DIRECTIONS FOR THIS TASK: Write out the entries below exactly, but only from the line containing "A group of five" through the line containing "Salle de bain", and without the pictures.

SUPPLIED MATERIAL:
····················

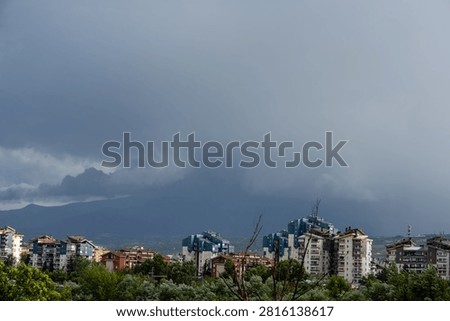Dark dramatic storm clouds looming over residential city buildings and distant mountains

····················

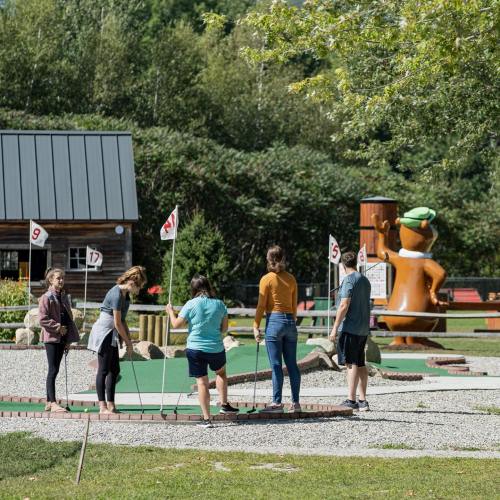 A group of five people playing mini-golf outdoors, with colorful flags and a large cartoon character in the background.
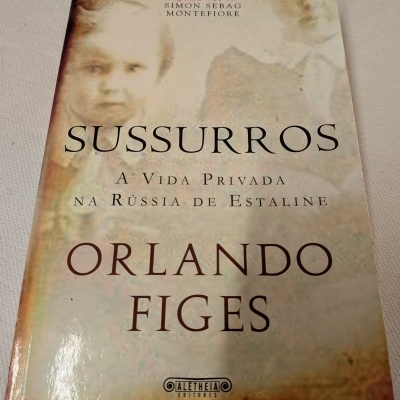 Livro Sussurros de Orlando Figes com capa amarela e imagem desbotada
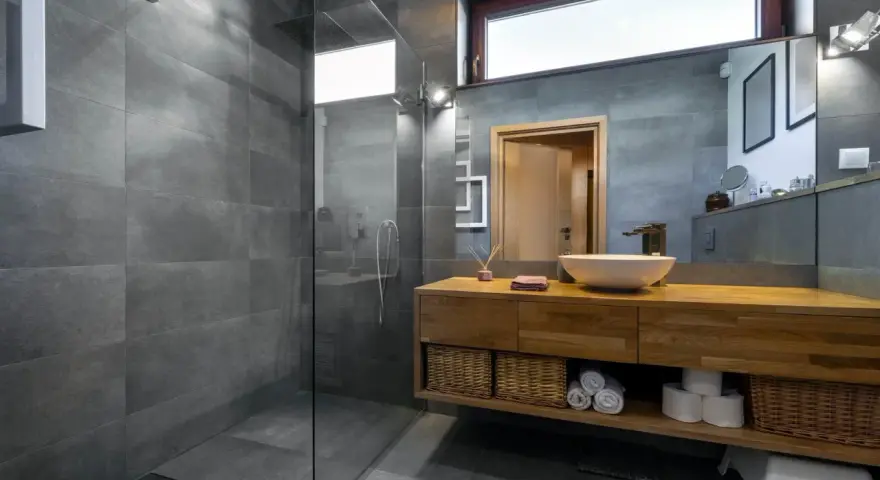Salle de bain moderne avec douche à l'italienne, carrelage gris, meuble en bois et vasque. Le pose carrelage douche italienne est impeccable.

····················

RESULT FOR THIS TASK:
 A group of five people playing mini-golf outdoors, with colorful flags and a large cartoon character in the background.
 Livro Sussurros de Orlando Figes com capa amarela e imagem desbotada
Salle de bain moderne avec douche à l'italienne, carrelage gris, meuble en bois et vasque. Le pose carrelage douche italienne est impeccable.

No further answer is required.